## WHAT YOU NEED TO DO
Copy the lines below verbatim. Begin with the first and end with the line containing "Vintage Hollywood Regency".

(Items listed in a dataset)
- - - - - - -

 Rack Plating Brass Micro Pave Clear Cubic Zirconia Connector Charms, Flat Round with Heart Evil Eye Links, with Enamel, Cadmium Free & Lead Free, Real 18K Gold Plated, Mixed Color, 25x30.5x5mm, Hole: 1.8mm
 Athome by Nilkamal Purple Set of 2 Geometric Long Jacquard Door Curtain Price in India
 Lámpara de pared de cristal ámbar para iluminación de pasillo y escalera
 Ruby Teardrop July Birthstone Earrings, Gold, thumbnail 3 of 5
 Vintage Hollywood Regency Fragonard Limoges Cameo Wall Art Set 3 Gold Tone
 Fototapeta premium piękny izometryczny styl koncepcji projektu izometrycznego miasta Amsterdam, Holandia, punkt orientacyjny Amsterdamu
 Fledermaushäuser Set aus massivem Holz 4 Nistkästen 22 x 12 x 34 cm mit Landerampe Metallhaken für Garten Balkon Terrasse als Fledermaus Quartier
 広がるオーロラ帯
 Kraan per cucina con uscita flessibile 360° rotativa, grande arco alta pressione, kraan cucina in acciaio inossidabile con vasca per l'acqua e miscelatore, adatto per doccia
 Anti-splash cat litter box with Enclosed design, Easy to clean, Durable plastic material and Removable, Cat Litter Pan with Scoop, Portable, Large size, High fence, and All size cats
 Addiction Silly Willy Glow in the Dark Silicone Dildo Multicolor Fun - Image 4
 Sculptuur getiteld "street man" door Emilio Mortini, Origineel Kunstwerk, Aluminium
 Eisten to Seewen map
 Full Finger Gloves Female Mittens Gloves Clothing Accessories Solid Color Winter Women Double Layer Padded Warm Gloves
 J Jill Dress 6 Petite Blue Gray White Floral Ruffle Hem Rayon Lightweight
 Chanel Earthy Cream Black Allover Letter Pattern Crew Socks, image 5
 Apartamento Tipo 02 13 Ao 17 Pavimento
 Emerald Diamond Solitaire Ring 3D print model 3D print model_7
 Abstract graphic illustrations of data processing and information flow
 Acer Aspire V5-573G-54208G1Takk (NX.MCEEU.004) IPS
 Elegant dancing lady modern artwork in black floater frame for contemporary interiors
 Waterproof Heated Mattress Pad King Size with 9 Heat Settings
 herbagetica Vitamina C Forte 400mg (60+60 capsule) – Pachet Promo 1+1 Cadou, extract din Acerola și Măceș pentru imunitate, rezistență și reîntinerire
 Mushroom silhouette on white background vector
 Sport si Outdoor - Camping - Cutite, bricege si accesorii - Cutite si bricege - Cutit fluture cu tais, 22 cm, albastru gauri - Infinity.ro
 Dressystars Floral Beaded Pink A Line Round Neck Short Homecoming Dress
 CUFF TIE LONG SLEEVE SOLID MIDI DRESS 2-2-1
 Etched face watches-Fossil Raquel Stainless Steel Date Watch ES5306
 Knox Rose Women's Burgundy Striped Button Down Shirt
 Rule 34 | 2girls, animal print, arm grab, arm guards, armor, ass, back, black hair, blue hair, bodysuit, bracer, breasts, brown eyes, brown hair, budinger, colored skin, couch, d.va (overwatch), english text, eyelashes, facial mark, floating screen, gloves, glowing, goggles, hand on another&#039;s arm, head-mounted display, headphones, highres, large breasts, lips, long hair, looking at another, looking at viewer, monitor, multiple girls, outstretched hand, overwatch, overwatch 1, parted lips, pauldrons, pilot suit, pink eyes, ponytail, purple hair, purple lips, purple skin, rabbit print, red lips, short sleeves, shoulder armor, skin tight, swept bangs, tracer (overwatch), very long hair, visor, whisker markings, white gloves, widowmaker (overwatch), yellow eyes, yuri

- - - - - - -

## ANSWER BOX
 Rack Plating Brass Micro Pave Clear Cubic Zirconia Connector Charms, Flat Round with Heart Evil Eye Links, with Enamel, Cadmium Free & Lead Free, Real 18K Gold Plated, Mixed Color, 25x30.5x5mm, Hole: 1.8mm
 Athome by Nilkamal Purple Set of 2 Geometric Long Jacquard Door Curtain Price in India
 Lámpara de pared de cristal ámbar para iluminación de pasillo y escalera
 Ruby Teardrop July Birthstone Earrings, Gold, thumbnail 3 of 5
 Vintage Hollywood Regency Fragonard Limoges Cameo Wall Art Set 3 Gold Tone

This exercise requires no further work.